India needs to scale up investments by at least three times from Rs 425,300 crore to meet its climate targets, according to a new report by independent non-profit Climate Policy Initiative (CPI).
The mitigation sector is estimated to have attracted Rs 371,200 crore ($50 billion) on average per year in financial year 2021-22, a 20 per cent increase from 2019/20.
Adaptation-related sectors witnessed a nearly three-fold increase in investments in the same period, reaching Rs 1,09,200 crore ($15 billion) per year in 2021-22.
“India’s green finance landscape has made significant progress, but there is a long road ahead. This report highlights critical areas where action is needed to scale investments and bridge existing gaps,” Vivek Sen, director, CPI India, said in a statement.
The Indian government estimated that the country needs Rs 16,250,000 crore ($2.5 trillion) by 2030—amounting to Rs 1,100,000 crore annually ($170 billion)—to achieve its Nationally Determined Contributions (NDC). NDCs are national climate action plans by each country under the Paris Agreement to reduce greenhouse gas emissions to help meet the global goal of limiting temperature rise to 1.5°C and adapt to the impacts of climate change.
India’s cumulative adaptation-related investment needs are at least Rs 8,560,000 crore ($1 trillion)—or Rs 5,733,000 crore ($67 billion) per year from 2015 to 2030.
The CPI report, titled The Landscape of Green Finance in India, looked at both public and private sources of green finance in India. It also tracked domestic and international financial flows from their sources to end beneficiaries.
The report finds that around 83 per cent of India’s green finance for mitigation was sourced domestically. Of the 83 per cent of domestic mitigation finance, the private sector contributed 66 per cent.
International finance for mitigation increased to 17 per cent in 2021-22 from around 15 per cent in 2019-20. Of total international mitigation flows in 2021-22, contribution from private sources rose to 66 per cent up from 40 per cent in 2019-20. The remaining 34 per cent was traced back to public sources.

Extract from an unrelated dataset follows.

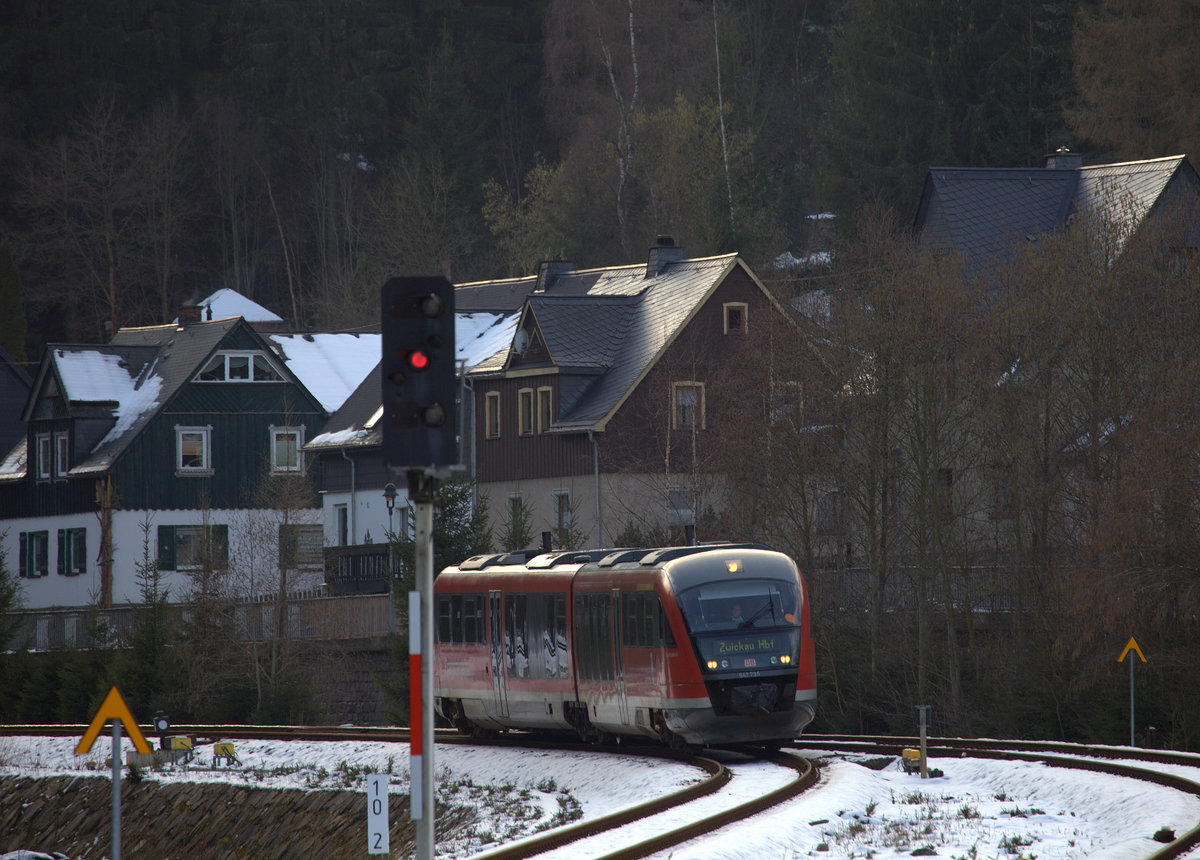 642 235 kurz vor der Einfahrt in Antonsthal. 02.09.2020 15:34 Uhr.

Among different sectors, clean energy attracted 47 per cent of the investment, with energy efficiency accounting 35 per cent, and clean transportation receiving 18 per cent of finances. All three sectors received the lion’s share of funding domestically.
Unlike mitigation, most of adaptation financing was raised through public means. Domestic sources, largely from central and state government budgets, accounted for 98 per cent of finance for 2021-22.
Funds for farm adaptation-related activities in agriculture from domestic private finance — private equity and venture capital funds — was negligible, less than 1 per cent.
Though international finance provides a small share, it has seen a growth of 19 per cent in 2021-22, compared to 2019/20. Of this, 92 per cent came from public international sources. The report warns that India’s adaptation investments are likely to increase with climate change.
Within the adaptation sector, disaster risk management received the most funding, representing 42 per cent of the flows. It also saw a ten-fold increase from 2019-20, primarily driven by increasing government budgetary expenditure.
This was followed by flood and cyclone mitigation and on-farm adaptation-related agricultural activities, receiving 32 per cent and 24 per cent of India’s adaptation funds.
Within on-farm adaptation-related agricultural activities, crop insurance got 58 per cent of the total finance. Public sources financed 99 per cent of on-farm adaptation activities.